*DATA*:

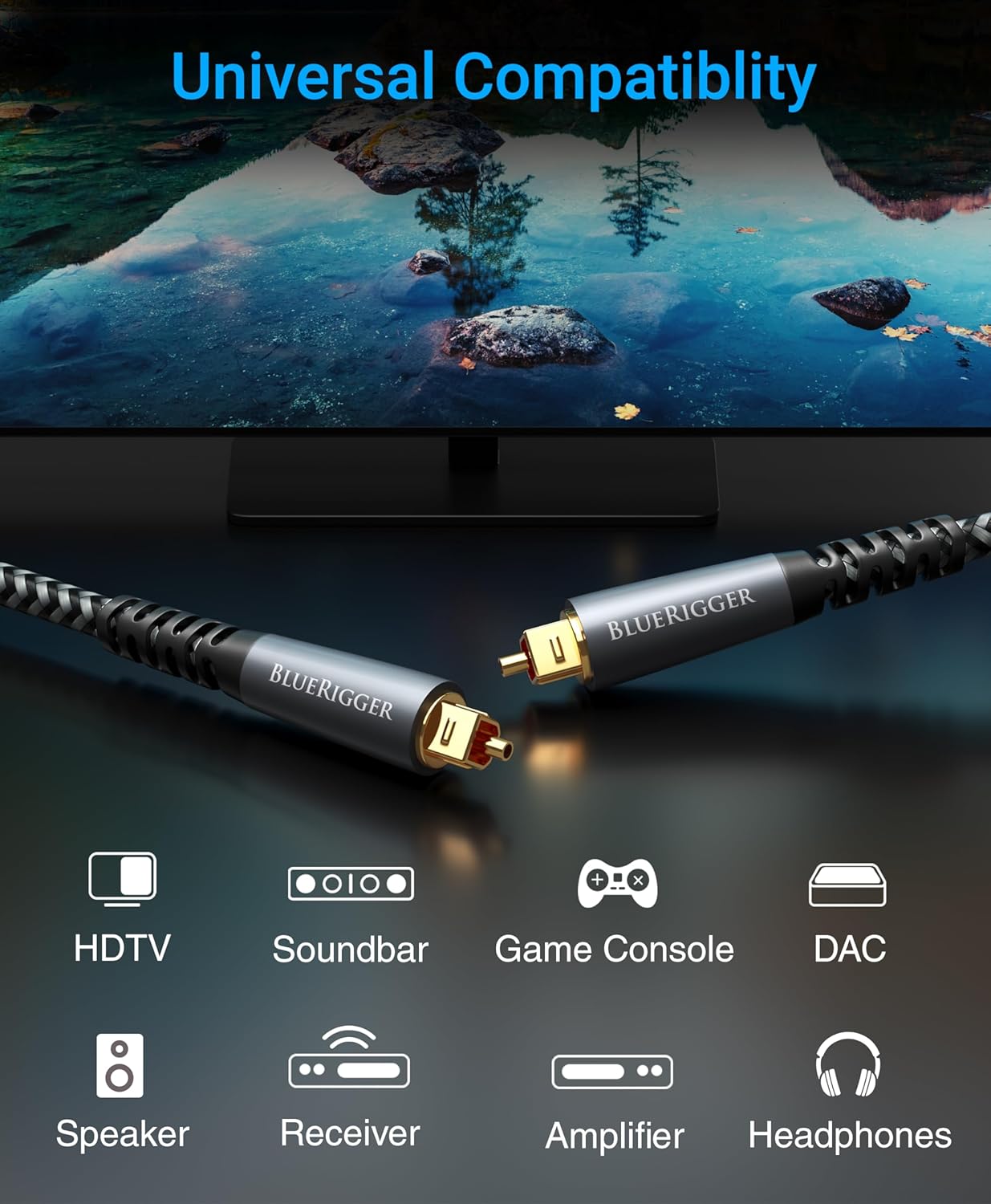 BlueRigger Digital Optical Audio Cable (15FT, Toslink Cable for Soundbar, Braided Fiber Optic, S/PDIF, Metal Shell) - Compatible with HomeTheatre, TV, Game Console (PS4, Xbox), DVR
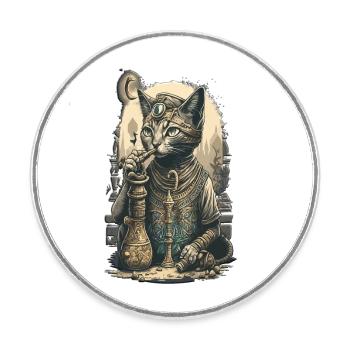 Egypt Cat Smoke with hookah Amazing Design - Round  fridge magnet - white - Front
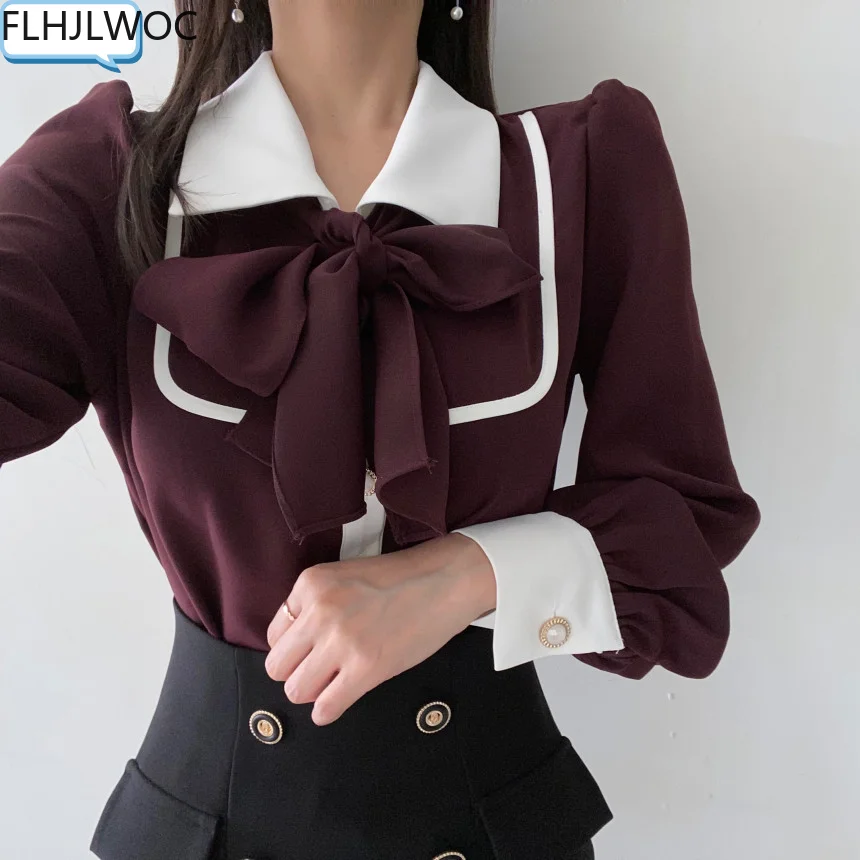 Women\'s Cute Bow Tie Tops Preppy Style Vintage Japan Korea Design Single Breasted Button Elegant Formal Red Black Shirts Blouses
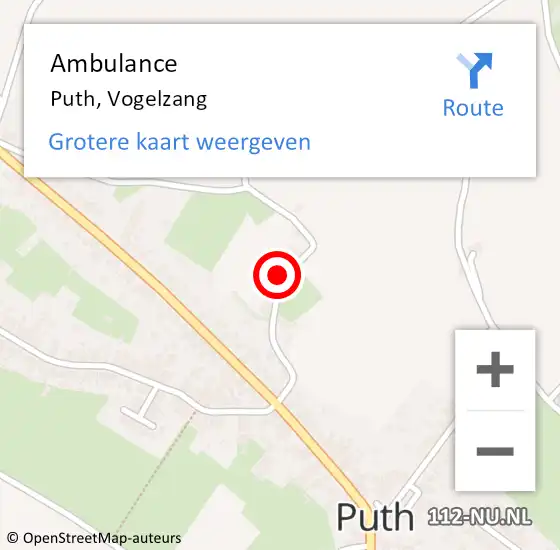 Locatie op kaart van de 112 melding: Ambulance Puth, Vogelzang op 10 september 2013 17:28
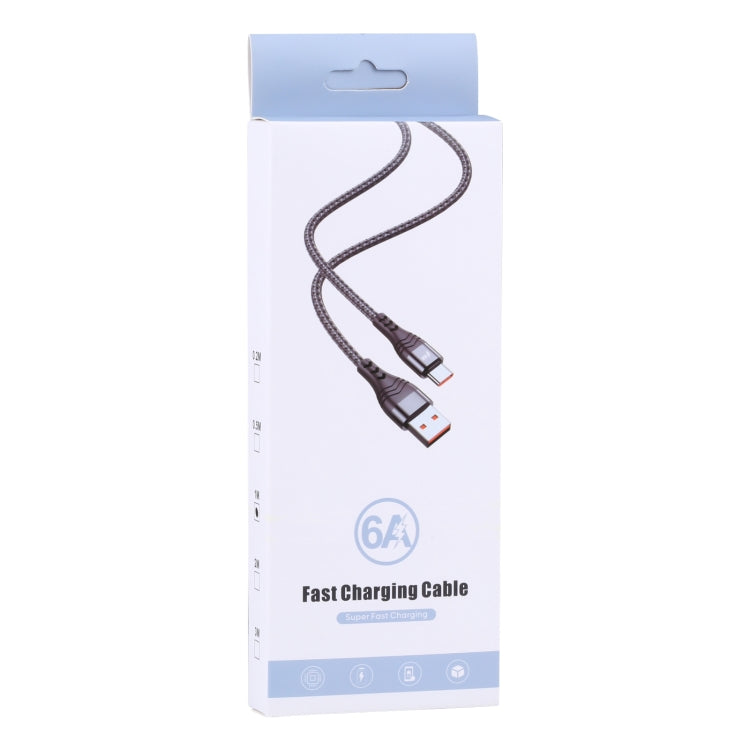 ADC-005 6A USB to USB-C / Type-C Weave Fast Charging Data Cable, Length:1m(Black) by buy2fix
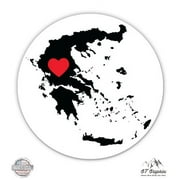 Greece Country Shape Heart - 3" Vinyl Sticker - For Car Laptop I-Pad Phone Helmet Hard Hat - Waterproof Decal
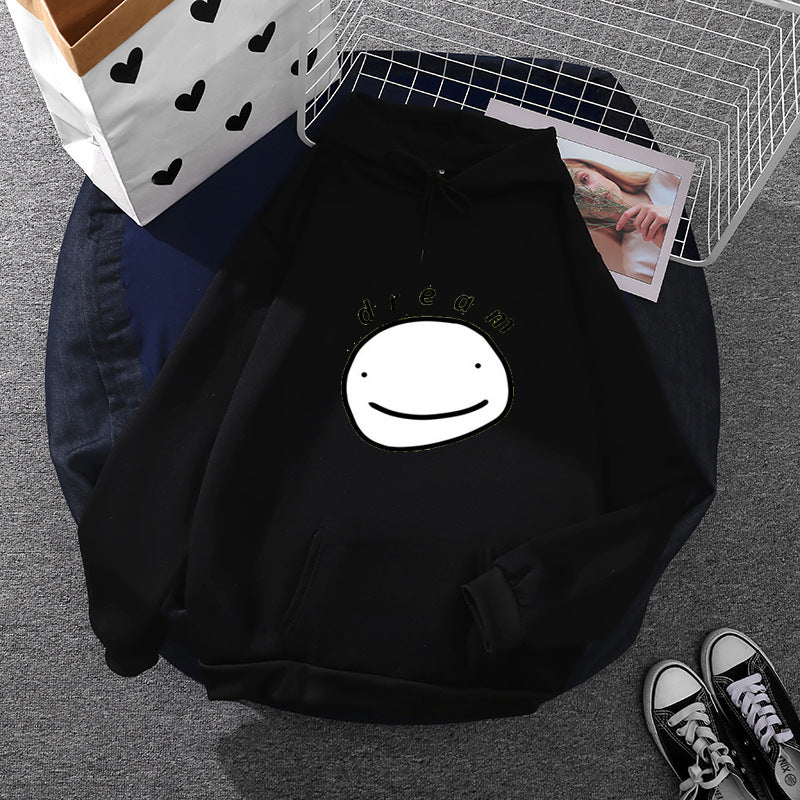 Unisex nan oversized Kapuzenpullover mit minimalistischem Frontprint und Kängurutasche Drune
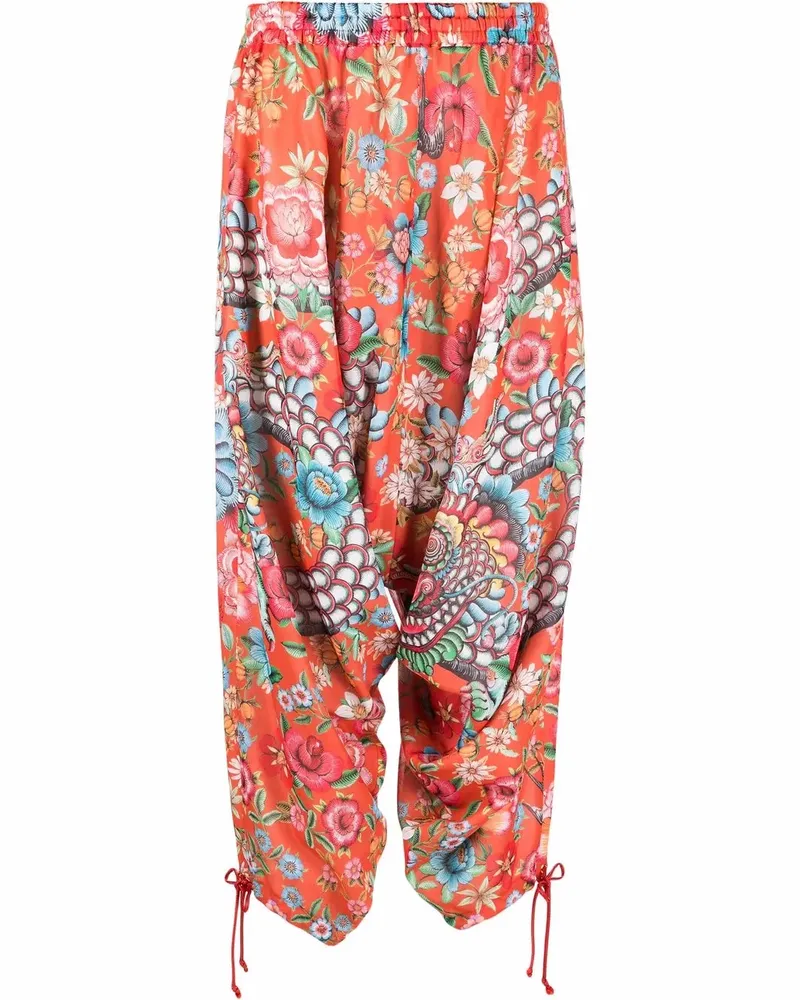 Junya Watanabe Cropped-Hose mit Print - Orange Orange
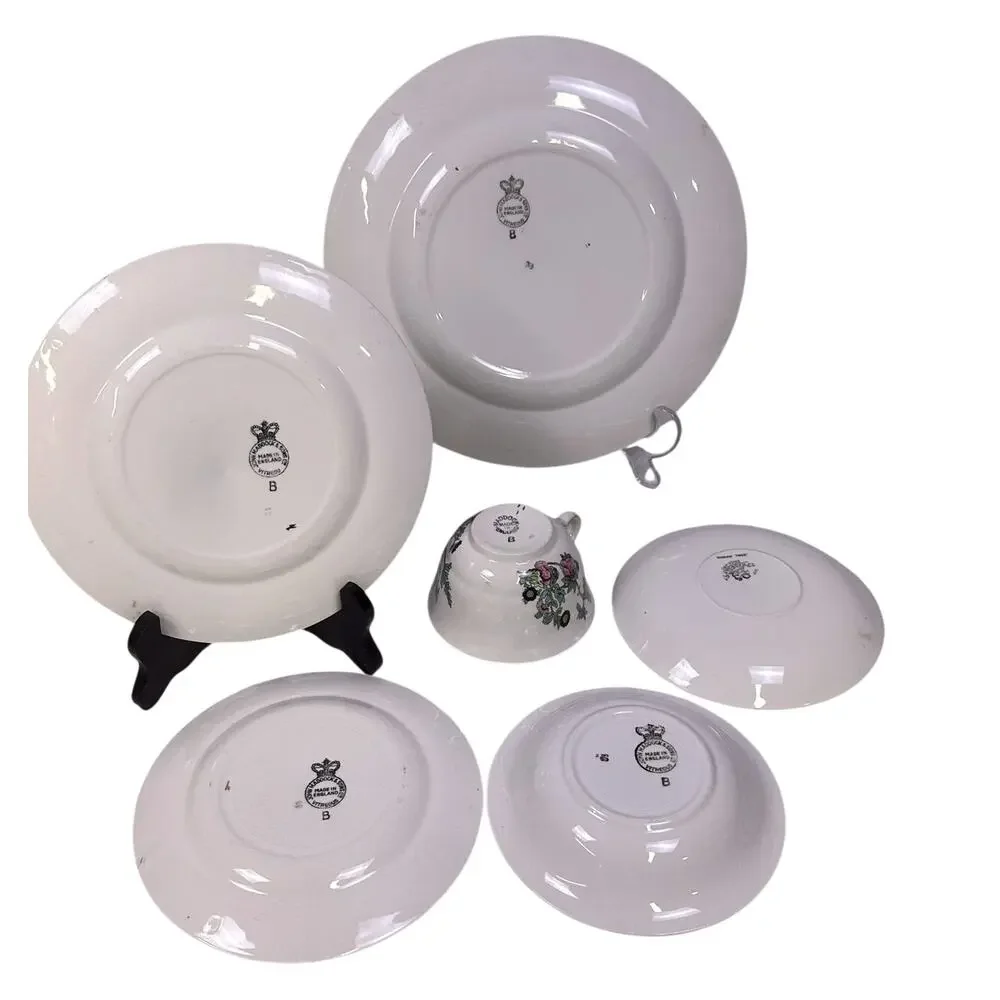 John Maddock & Sons LTD England Indian Tree Vintage 40's 6-PC Place Setting-Rare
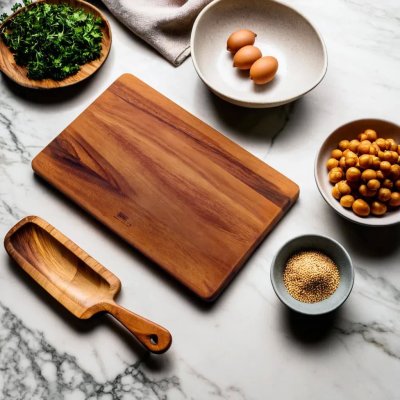 LARGE CUTTING BOARD WITH CARVED SIDE HANDLES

*WHAT IS NEEDED*: Reproduce the listing above exactly from the line containing "Women\'s Cute Bow" up to and including the line containing "Greece Country Shape", omitting any images and everything outside those lines.

*SOLUTION TO THIS EXERCISE*:
 Women\'s Cute Bow Tie Tops Preppy Style Vintage Japan Korea Design Single Breasted Button Elegant Formal Red Black Shirts Blouses
 Locatie op kaart van de 112 melding: Ambulance Puth, Vogelzang op 10 september 2013 17:28
 ADC-005 6A USB to USB-C / Type-C Weave Fast Charging Data Cable, Length:1m(Black) by buy2fix
 Greece Country Shape Heart - 3" Vinyl Sticker - For Car Laptop I-Pad Phone Helmet Hard Hat - Waterproof Decal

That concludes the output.